WNOP
- Newport, Kentucky; United States;
- Broadcast area: Greater Cincinnati, Covington
- Frequency: 740 kHz
- Branding: Sacred Heart Radio

Programming
- Language: English
- Format: Catholic talk/services
- Affiliations: EWTN Global Catholic Radio Network

Ownership
- Owner: Sacred Heart Radio Inc.
- Sister stations: WPFB;

History
- First air date: August 21, 1948 (77 years ago)
- Call sign meaning: Newport

Technical information
- Licensing authority: FCC
- Facility ID: 15881
- Class: D
- Power: 2,500 watts day; 30 watts night;
- Transmitter coordinates: 39°5′41.21″N 84°34′58.8″W﻿ / ﻿39.0947806°N 84.583000°W
- Repeater: 910 WPFB (Middletown, Ohio)

Links
- Public license information: Public file; LMS;
- Webcast: Listen live
- Website: sacredheartradio.com

= WNOP (AM) =

WNOP (740 kHz) is an AM radio station located in Newport, Kentucky, that can be heard in and around the Cincinnati area. It now broadcasts for Cincinnati's Catholic community and archdiocesan base and is an affiliate of EWTN radio for most (if not all) of its programming.

WNOP was a jazz station for 38 years, except for a brief run as a CNN Headline News affiliate from 1992 to 1994. WNOP's current religious talk format started on December 31, 2000.

==History==
===Startup===
The station was first on the air with combined country music and pre-recorded radio shows, receiving its Federal Communications Commission (FCC) license on May 29, 1947. The first broadcasts began on August 21, 1948. Jimmie Skinner hosted a radio program, which featured singer Connie Hall.

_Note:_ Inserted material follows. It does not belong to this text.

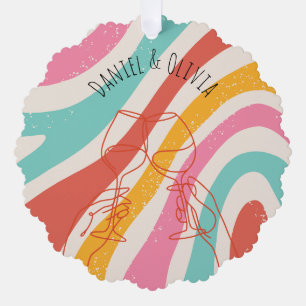 Colorful Minimalist Wedding Ornament Card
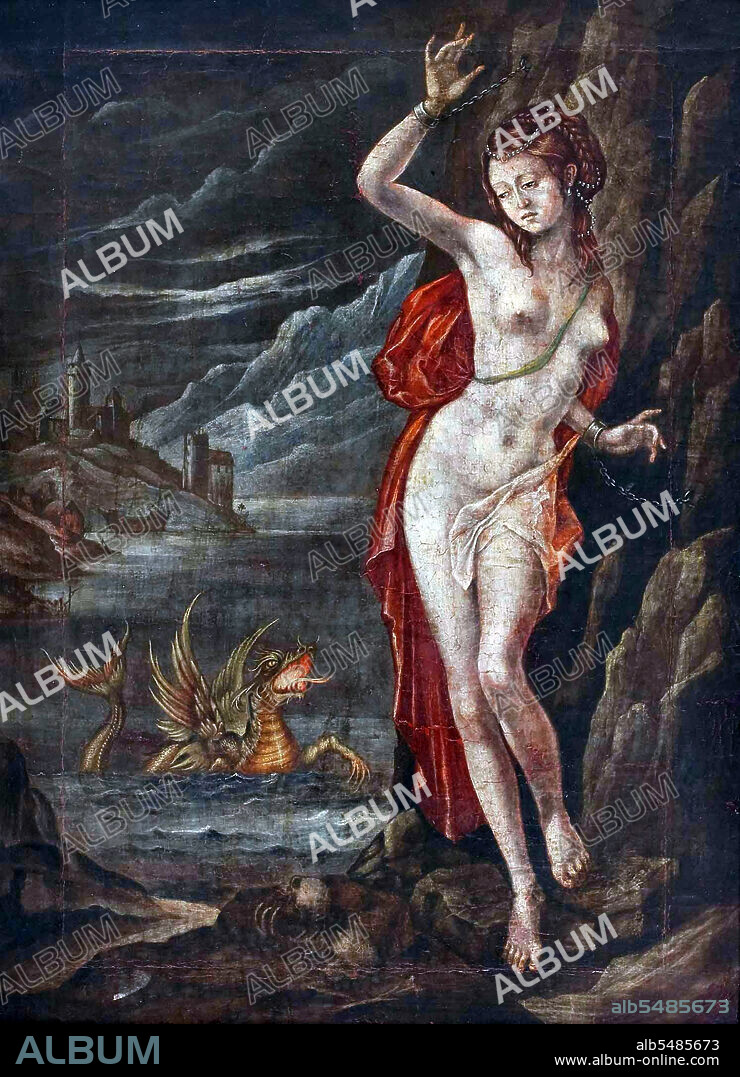 Andromeda was the daughter of an Ethiopian king in Greek mythology who, as divine punishment for her mother's bragging, the Boast of Cassiopeia, was chained to a rock as a sacrifice to a sea monster aroused by the queen's hubris. She was saved from death by Perseus, her future husband. Her name is the Latinized form of the Greek 'ruler of men'. The subject has been popular in art since classical times; it is one of several Greek myths of a Greek hero's rescue of the intended victim of an archaic sacred marriage, giving rise to the 'princess and dragon' motif. From the Renaissance, interest revived in the original story, typically as derived from Ovid's account.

===Jazz era (1962–2000)===
Despite its relatively weak signal (not to mention almost bumping right into AM powerhouse WLW), WNOP had a core audience of loyal listeners during the years when its musical programming was mostly jazz. Its studios were on Monmouth St., in Newport, Kentucky where Ty Williams bravely played music during a studio fire. From there they moved to the "Jazz Ark' - floating studios on the Ohio river. It was not all jazz, however. Sometimes breaks between songs were filled with recordings of stand-up comedians. For the favorite comedy cuts the punch lines would be saved to a Gates ST-101 Spot Tape machine. They could be played as the DJ felt appropriate anytime between music tracks, or commercial voice-over.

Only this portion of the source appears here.